Washington Monthly – Steve Benen – April 4, 2010:

Dr. Jack Cassell, an Orlando-area urologist and part-time Republican crank, probably couldn’t have imagined what he was getting himself into.

This week, Cassell’s medical office posted a sign for patients and their families: “If you voted for Obama…seek urologic care elsewhere. Changes to your healthcare begin right now, not in four years.”

But perhaps the most important coverage was an interview between Cassell and Alan Colmes on the radio Friday night. The host tried to get a better sense of why, exactly, Cassell hates the Affordable Care Act so much.

Cassell struggled to explain himself, saying he’d seen some things “online,” and adding that the information he needs to understand the law “should be available to me.”

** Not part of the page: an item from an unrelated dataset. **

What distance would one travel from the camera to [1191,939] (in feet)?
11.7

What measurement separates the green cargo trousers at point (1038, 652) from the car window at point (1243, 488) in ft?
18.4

Of course, the information is available to him, and has been for months. Cassell chose not to do his homework before driving patients away — patients who, it turns out, may know a lot more than he does about the law he claims to hate.

This is painfully common — some of the loudest, angriest critics of the Affordable Care Act are also some of the least informed, most confused, embarrassingly ignorant observers anywhere. In this case, Cassell has become a national joke because he’s repulsed by a health care reform plan that he fully admits he doesn’t understand.

It’d be funny if it weren’t so pathetic.




  1. smartalix says:

    Typical idiot right winger, opposed to any policy his dickwad racist hypocritical disingenous asshats aren’t (currently) supporting.

    He should lose his license, or at least have it suspended until he can explain what he is supposedly opposing.

  2. Dallas says:

    This doctor is disgrace to the medical profession.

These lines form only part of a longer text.